Understanding the interplay between preclinical and clinical phases is crucial for appreciating how new therapies reach (or fail to reach) patients. Preclinical research is an indispensable gatekeeper: by rigorously testing drug candidates in non-human systems, it seeks to prevent human harm and optimize the candidates that move forward. These studies span from early discovery screening to GLP animal toxicology to manufacturing quality control. Clinical research then takes the baton, assessing whether the drug’s promise holds true in humans and quantifying its benefit–risk. The two stages employ different methods, ethical oversight, and success criteria (summarized in Table 1).

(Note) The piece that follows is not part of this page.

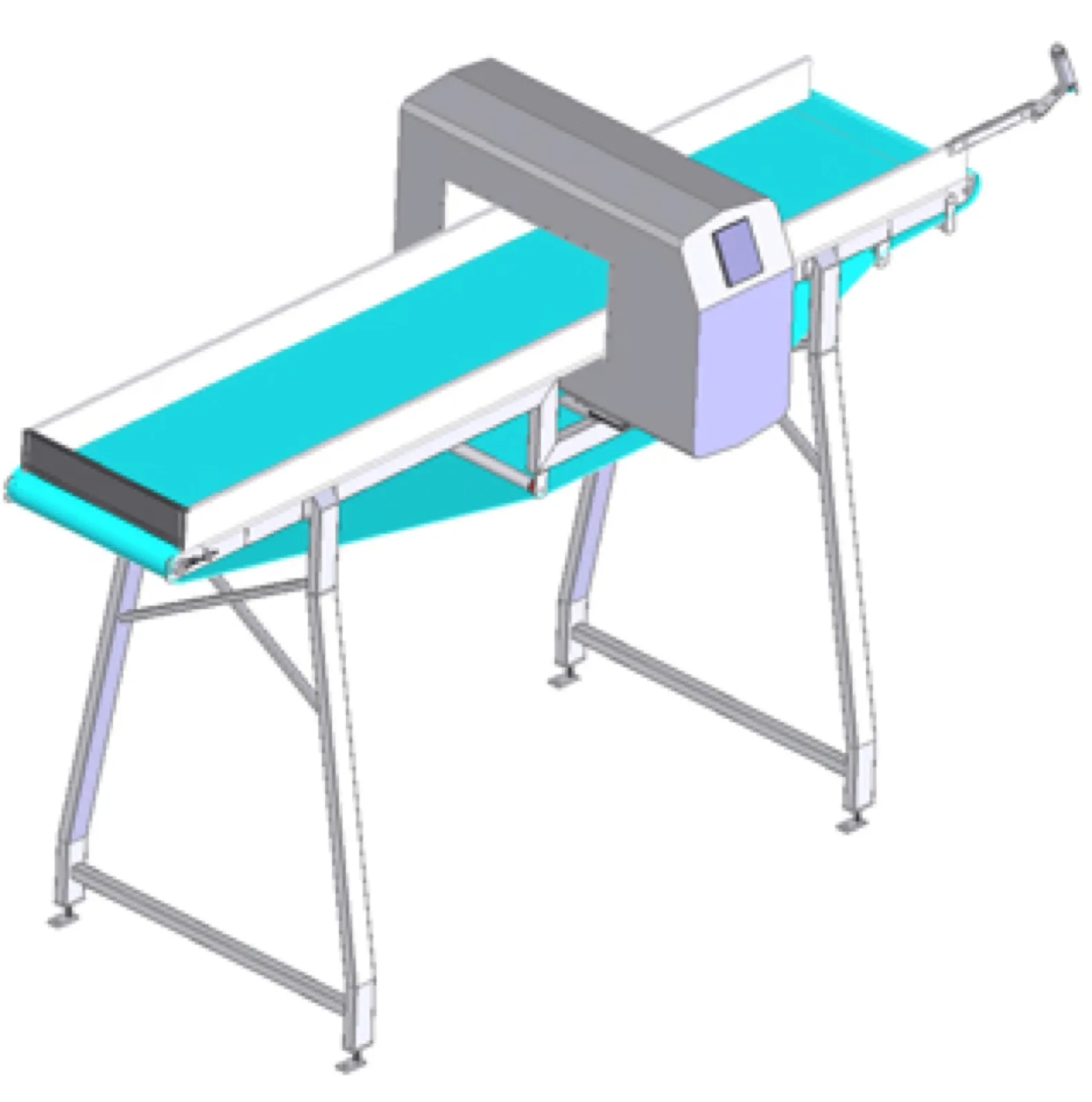 Transportor cu bandă cu detector de metale AM2C Transfer Conveyor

Quantitative data underline that attrition is steep at every stage. Industry analyses consistently show that only single-digit percentages of new compounds reach the market (^[4]) (^[24]). This stark reality has driven a dual imperative: to reduce avoidable failures (by better preclinical models and predictive tests) and to make development faster and more patient-centric. The tragic examples of thalidomide, TGN1412, and others serve as stern reminders that preclinical work – however comprehensive – can never guarantee human safety. Each new case of unexpected toxicity prompts scientists and regulators to refine the preclinical toolkit further.

Looking ahead, the frontier lies in closing the preclinical-clinical gap. This may mean more human-centric models (e.g. organs-on-chips, advanced computer simulations) and adaptive regulatory approaches. It also means stronger integration of translational science: for instance, using genomic insights to pick better drug targets, or using real-world data to augment evidence. As personalized medicine matures, one might see “n-of-1” trials where preclinical biopsies or organoids from the patient are tested before treatment.

Ultimately, while clinical trials in humans are the definitive test, they rest on the foundation of preclinical research. Ensuring that foundation is solid – through rigorous science, transparency of data, ethical care for animals and people, and innovative tools – will shape the future landscape of medicine. The journey before human involvement is complex, highly regulated, and ever-evolving. Its mastery is essential if the transition from laboratory promise to patient benefit is to be smooth, efficient, and safe (^[2]) (^[24]).